-Re: [DISCUSS] - Committing client code to 3rd Party FileSystems within Hadoop Common
Colin McCabe 2013-05-24, 00:28
You might try looking at what KosmoFS (KFS) did. They have some code in
org/apache/hadoop/fs which calls their own Java shim.
This way, the shim code in hadoop-common gets updated whenever FileSystem
changes, but there is no requirement to install KFS before building Hadoop.
You might also try asking Steve Loughran, since he did some great work
recently to try to nail down the exact semantics of FileSystem and
FileContext and improve the related unit tests (see HADOOP-9258 and related
On Thu, May 23, 2013 at 2:52 PM, Stephen Watt <[EMAIL PROTECTED]> wrote:
> Thanks for responding Harsh.
> I agree.
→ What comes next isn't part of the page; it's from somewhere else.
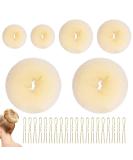 6 Pcs Hair Donut Hair Bun Maker Hair Doughnut for Buns with 20 Pcs U-Shaped Hair Pins for Girls Kids 6 white - Buy Online on GoSupps.com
Hadoop Common does do a good job of maintaining a stable and
> public FS and FS Context API. The pro for maintaining client libraries
> outside of Hadoop Common is that the release owner of the library has much
> more autonomy and agility in maintaining the library. From the glusterfs
> plugin perspective, I concur with this. In contrast, if my library was
> managed inside of Hadoop Common, I'd have to spend the time to earn
> committer status to have an equivalent amount of autonomy and agility,
> which is overkill for someone just wanting to maintain 400 lines of code.
> I ruminated a bit about one con which might be that because it doesn't get
> shipped with Hadoop Common it might make it harder for the Hadoop User
> community to find out about it and obtain it. However, if you consider the
> LZO codec, the fact that its not bundled certainly doesn't hamper its
> You mentioned testing. I don't think regression across Hadoop releases is
> as big of an issue as (based on my understanding) you really just have two
> FileSystem interfaces (abstract class) to worry about WRT to compliance,
> namely the FileSystem interface reflected for Hadoop 1.0 and the FileSystem
> interface reflected for Hadoop 2.0. However, this is a broader topic that I
> also want to discuss so I'll tee it up in a separate thread.
> Steve Watt
> ----- Original Message -----
> From: "Harsh J" <[EMAIL PROTECTED]>
> To: [EMAIL PROTECTED]
> Sent: Thursday, May 23, 2013 1:37:30 PM
> Subject: Re: [DISCUSS] - Committing client code to 3rd Party FileSystems
> within Hadoop Common
> I think we do a fairly good work maintaining a stable and public FileSystem
> and FileContext API for third-party plugins to exist outside of Apache
> Hadoop but still be able to work well across versions.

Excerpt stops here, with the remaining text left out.